Warrior Nation: A History of the Red Lake Ojibwe tells a new and compelling version of Minnesota’s creation story. It is also the definitive history of the Red Lake Nation, from the arrival of the first Ojibwe people at Red Lake to the present. Anton Treuer, professor of Ojibwe at Bemidji State University, has provided a meticulously researched and beautifully written history focusing on telling the Native American story in the words of those that lived and live it.

Warrior Nation particular focuses on tribal leadership, especially in the treaty era. Treuer describes the clan structures and leadership traditions that reinforced and rewarded independence as the Ojibwe migrated westward from the Great Lakes—and the riches of the area that Ojibwe warriors wrested from Dakota residents. In seven chapters based on specific leaders, he demonstrates how the tribe fought to retain lands and all of Red Lake itself.
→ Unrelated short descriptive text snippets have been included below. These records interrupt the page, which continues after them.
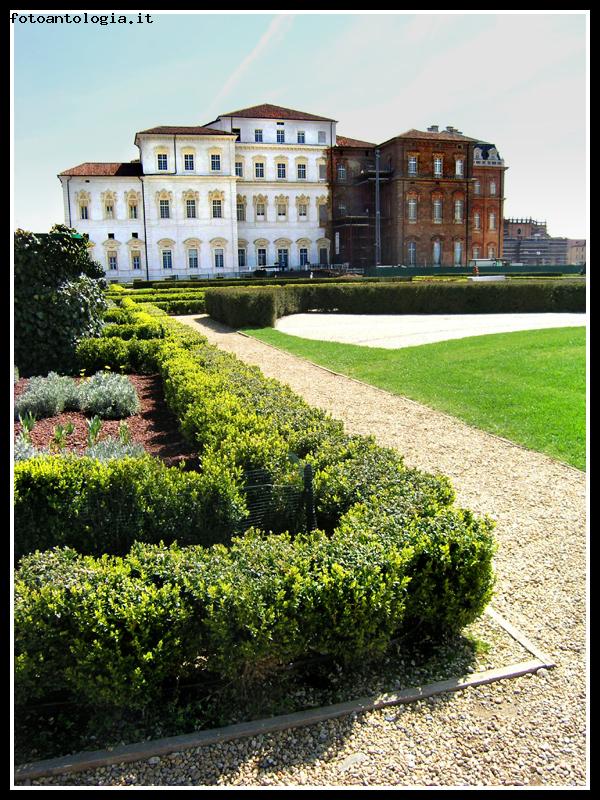 Reggia di Venaria Reale e giardini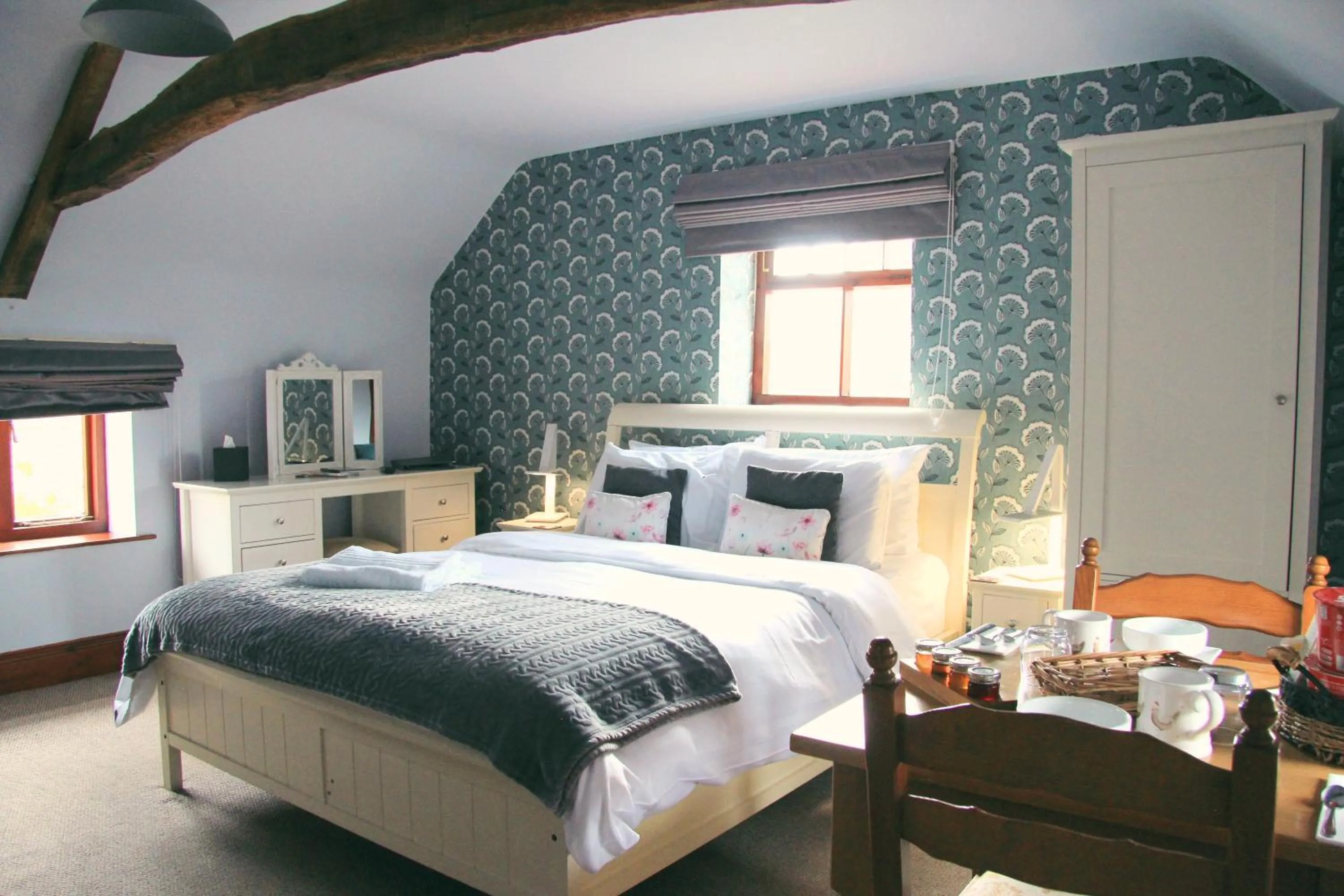 Bed in The Dovecote Inn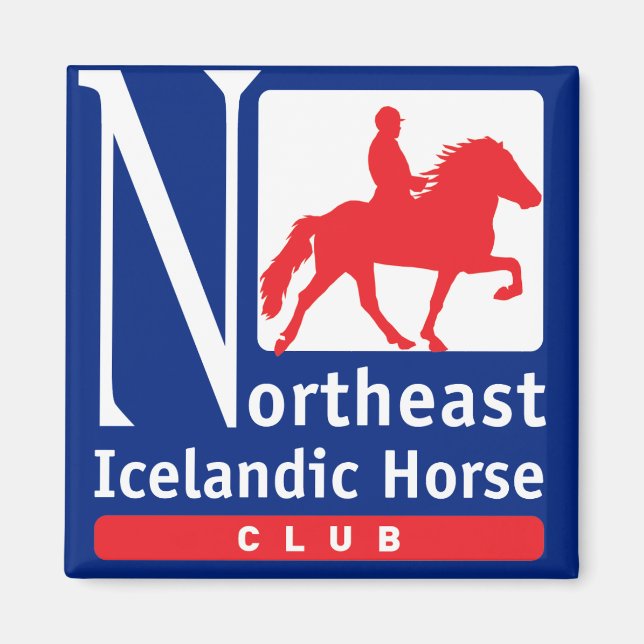 Magnet NEIHC 2 pouces (Devant)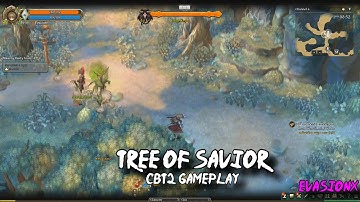 Tree of Savior Gameplay: CBT2 First Look (Wizard)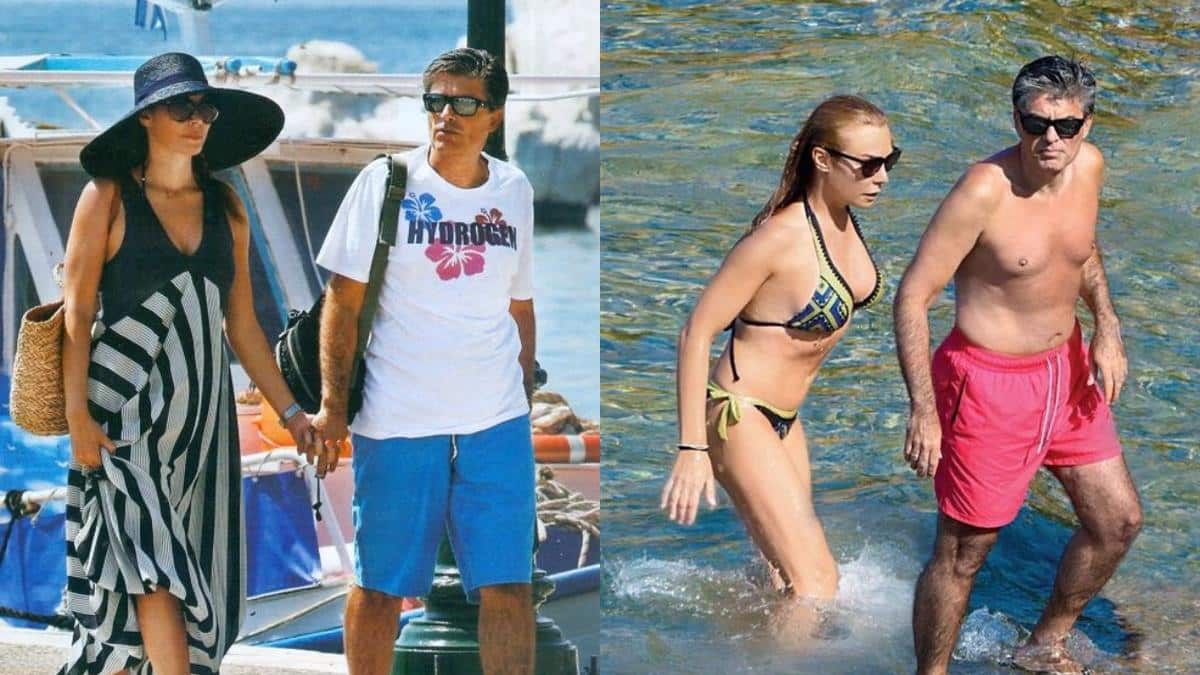 Το σκάφος και τα μικροσκοπικά μπικίνι: Οι χλιδάτες διακοπές της Τατιάνας Στεφανίδου και του Νίκου Ευαγγελάτου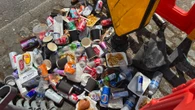 Travellers flock to 800-year-old horse fair as town closes & rubbish piles up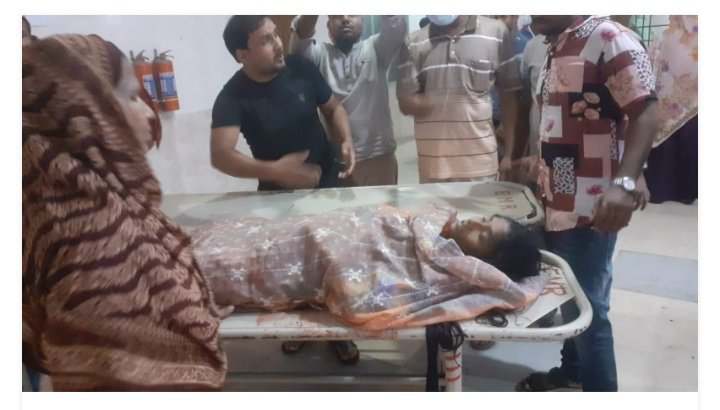 সড়ক দুর্ঘটনায়, মায়ের পর বিদায় নিল শিশু সন্তান সোয়াদ।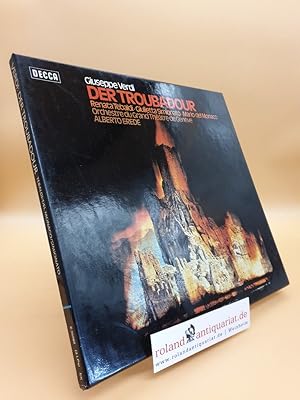 Verdi - Der Troubadour Alberto Erede 3 LP Box mit Booklet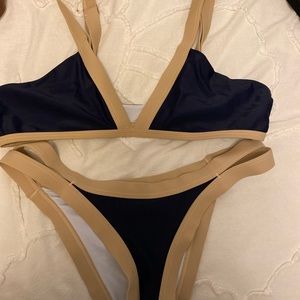 L*space knockoff swim suit SET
By refusing multiple attempts by unrelenting white interests to allot lands to individual members, the tribe managed to avoid the land sales that have decimated other reservations across the country. Similarly, by resisting multiple attempts by Christian missionaries, the tribe has maintained Ojibwe language and spiritual practice to a far greater extent than other tribes in the state. And in 1918, in what Treuer calls “a move of political genius,” the tribe developed the first modern indigenous democratic governance system in the United States, decades before any other tribe, while simultaneously maintaining its system of hereditary chiefs.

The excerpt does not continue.